### Exercise data
=======

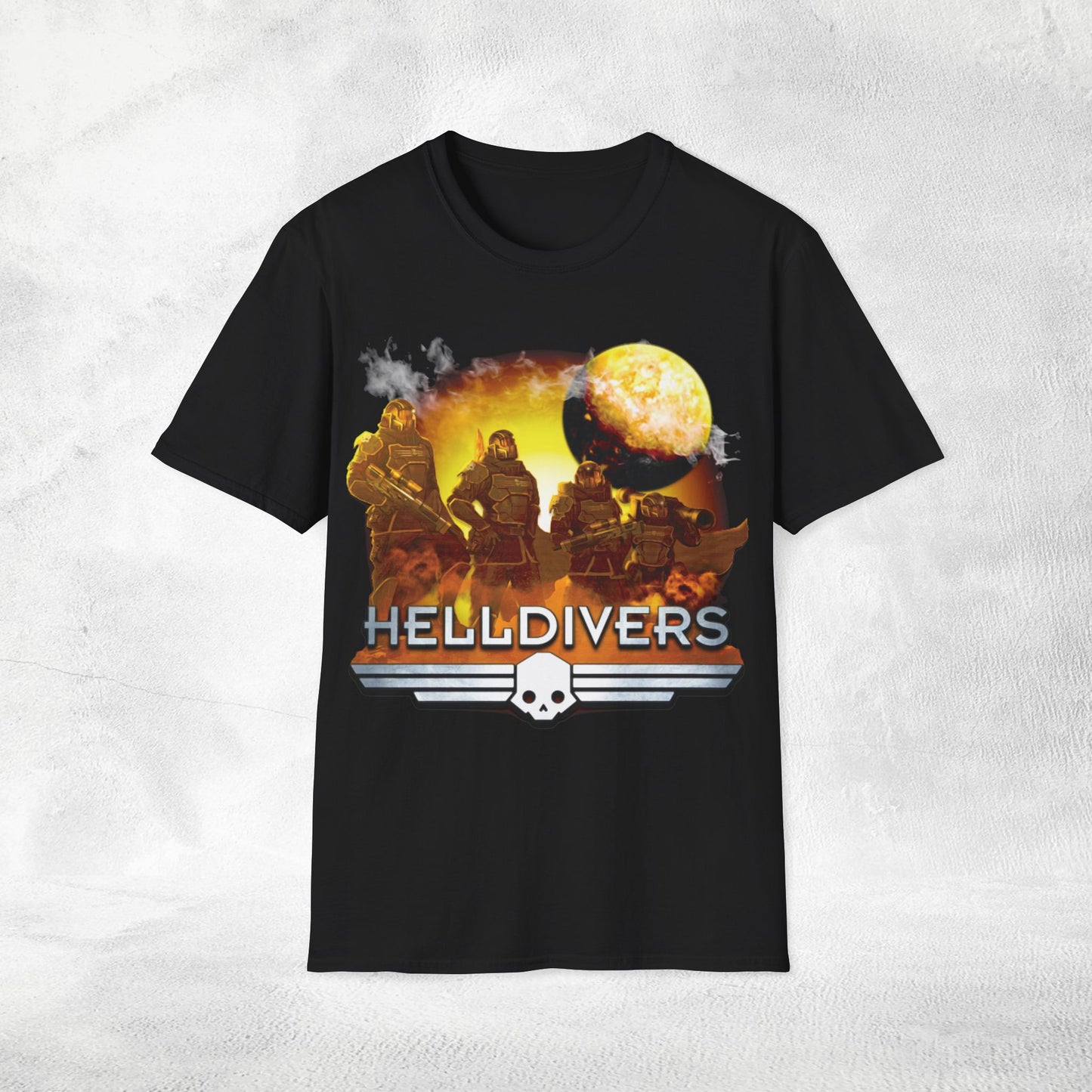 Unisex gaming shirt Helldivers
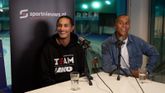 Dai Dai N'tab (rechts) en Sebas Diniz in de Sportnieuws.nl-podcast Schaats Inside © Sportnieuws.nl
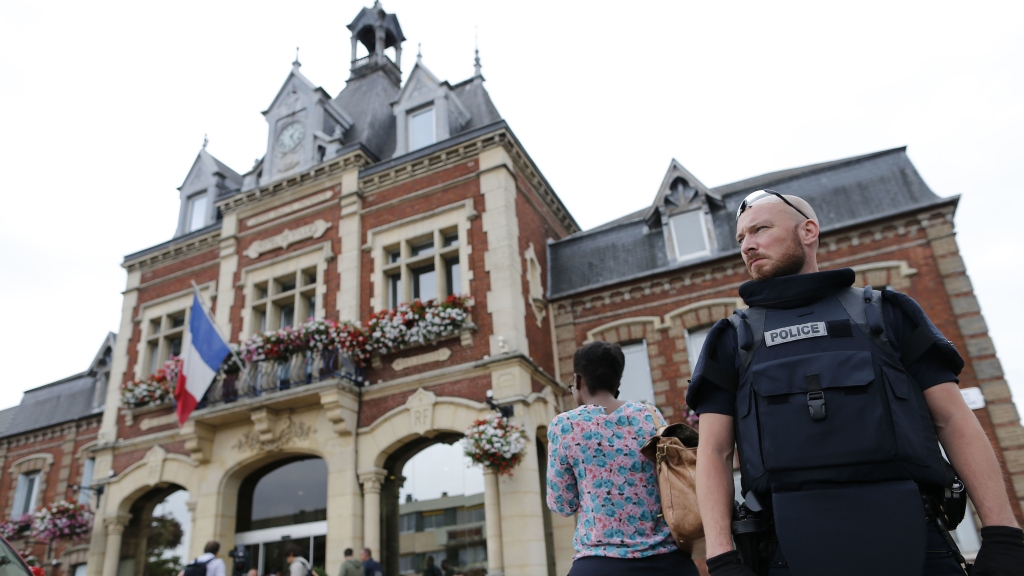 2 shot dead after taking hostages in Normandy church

=======

Print every line of the material exactly as written, but drop the pictures.

 Unisex gaming shirt Helldivers
 Dai Dai N'tab (rechts) en Sebas Diniz in de Sportnieuws.nl-podcast Schaats Inside © Sportnieuws.nl
 2 shot dead after taking hostages in Normandy church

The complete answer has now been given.